(Beginning of Dataset section)

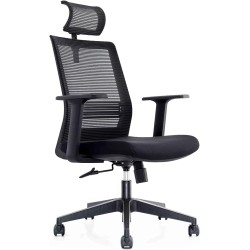 W SINWEDA E3 Silla Oficina ejecutiva con cabecera y Soporte Lumbar Ajustable Silla Gamer sillas para Sala de Juntas (Negro)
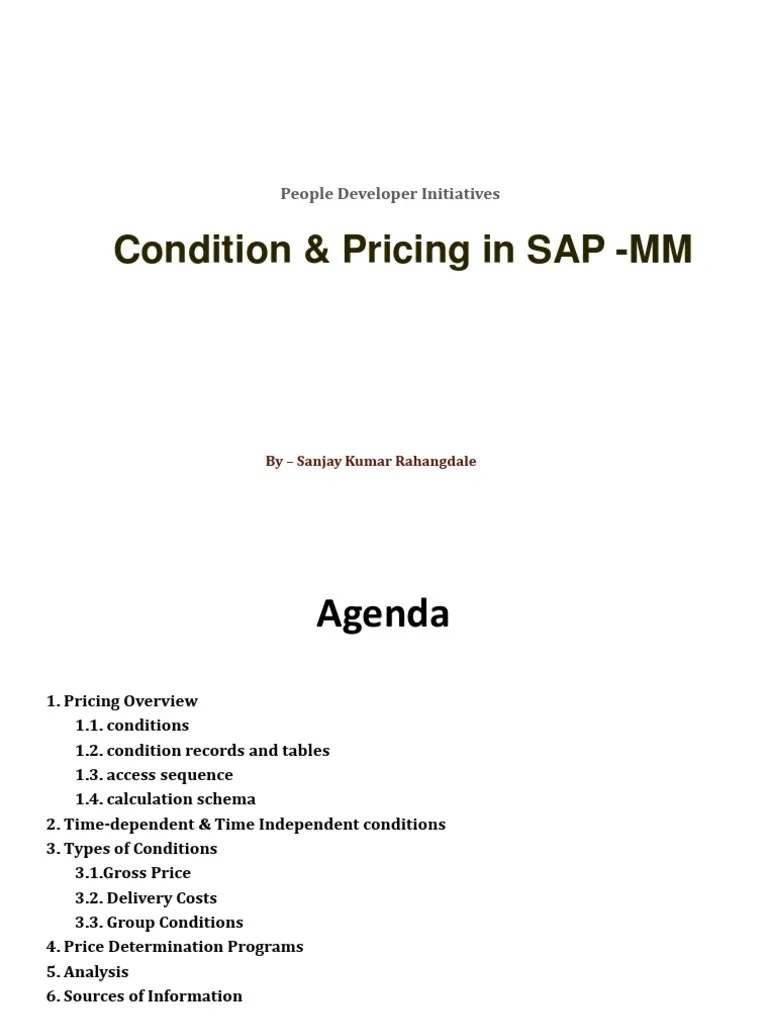 Condition And Pricing In SAP MM PDF | PDF | Xml Schema | Pricing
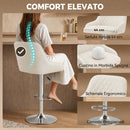 Set 2 Sgabelli da Bar 47x52x86-108A cm con Schienale Girevoli e Regolabili in Finta Pelle Bianco      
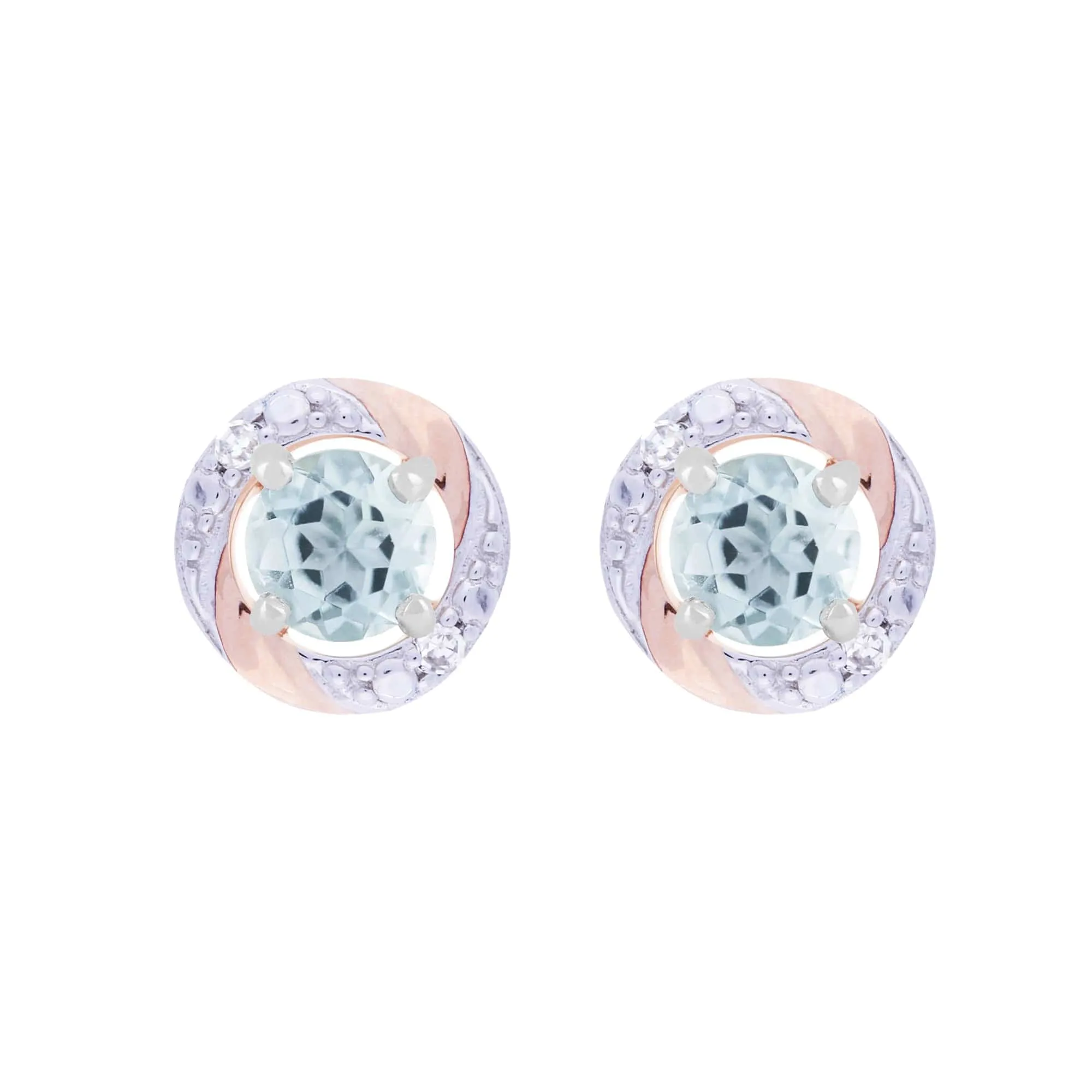 Classic Round Aquamarine Stud Earrings with Detachable Diamond Round Earrings Jacket Set in 9ct Gold sold by Gemondo Jewellery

(End of Dataset section)

* **What you should do**
Once the pictures are removed, print all the remaining data exactly as it stands.

* **Result below**
 W SINWEDA E3 Silla Oficina ejecutiva con cabecera y Soporte Lumbar Ajustable Silla Gamer sillas para Sala de Juntas (Negro)
 Condition And Pricing In SAP MM PDF | PDF | Xml Schema | Pricing
 Set 2 Sgabelli da Bar 47x52x86-108A cm con Schienale Girevoli e Regolabili in Finta Pelle Bianco      
 Classic Round Aquamarine Stud Earrings with Detachable Diamond Round Earrings Jacket Set in 9ct Gold sold by Gemondo Jewellery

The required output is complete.